Оба злоумышленника выслушали приговор спокойно – видно, ожидали подобного развития событий и сами знали, что за продырявленного сержанта не помилуют. Со скрученными за спиной руками, с непокрытыми головами стояли они перед строем в окружении конвойных. Один – как раз тот, кто первым полез на сержанта, – седой, пышноусый, изборожденный шрамами ветеран, держался на удивление достойно и смотрел все время куда-то вверх, словно происходящее никак его не касалось.

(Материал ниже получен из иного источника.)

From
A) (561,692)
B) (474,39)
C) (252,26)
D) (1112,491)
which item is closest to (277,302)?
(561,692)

Второй – помоложе, худощавый, с подстриженной бородкой – постоянно вертел головой, то оборачиваясь к товарищам, то потупляя взгляд, то устремляя его куда-то под копыта коня дона Педро, но, впрочем, тоже не терял присутствия духа.

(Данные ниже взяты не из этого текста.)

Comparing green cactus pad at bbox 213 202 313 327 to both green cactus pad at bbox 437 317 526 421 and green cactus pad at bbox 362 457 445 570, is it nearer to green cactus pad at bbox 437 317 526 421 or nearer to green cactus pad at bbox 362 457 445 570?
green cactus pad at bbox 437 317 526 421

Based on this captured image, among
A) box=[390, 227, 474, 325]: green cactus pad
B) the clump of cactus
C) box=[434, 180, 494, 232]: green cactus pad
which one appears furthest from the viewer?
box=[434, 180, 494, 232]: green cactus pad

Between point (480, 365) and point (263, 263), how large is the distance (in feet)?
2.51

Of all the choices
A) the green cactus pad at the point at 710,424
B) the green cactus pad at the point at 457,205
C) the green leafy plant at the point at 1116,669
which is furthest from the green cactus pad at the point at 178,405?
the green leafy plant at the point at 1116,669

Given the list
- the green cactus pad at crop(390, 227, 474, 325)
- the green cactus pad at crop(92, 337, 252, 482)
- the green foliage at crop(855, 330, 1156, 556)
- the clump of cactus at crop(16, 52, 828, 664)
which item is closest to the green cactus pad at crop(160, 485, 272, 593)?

По знаку профоса ударили барабаны, а личный горнист полковника протрубил сигнал.
– Хотите что-нибудь сказать напоследок?
Вдоль строя прошумело некое дуновение, и густой частокол копий склонился вперед, будто колосья под ветром: солдаты навострили уши. Все мы увидели, как профос, подойдя к осужденным, выслушал старшего, вопросительно взглянул на дона Педро, и тот в знак согласия кивнул – но это была не снисходительность, а соблюдение церемониала. Тогда в тишине седоголовый сказал, что он – старый солдат и что, как и товарищ его, до сего дня служил честно, исполнял свой долг и смерти не боится, однако загнуться от пеньковой хворобы считает для себя незаслуженным оскорблением и порухой чести своей, а потому, раз уж пришла пора отчаливать, просит не вешать их с товарищем, как сельских конокрадов, на сухом суку, на зеленой ветви или еще где, но расщедриться на две аркебузные пули, причитающиеся им по праву испанцев и воинов. А в видах сбережения огневого припаса, коего всегда нехватка, пусть господин полковник воспользуется их собственными зарядами – пулями, отлитыми из наилучшего, в Эскомбрерасе добытого свинца, и порохом, благо того и другого в их патронных сумках еще в избытке, а там, куда они с товарищем отправляются, едва ли в чем подобном возникнет нужда.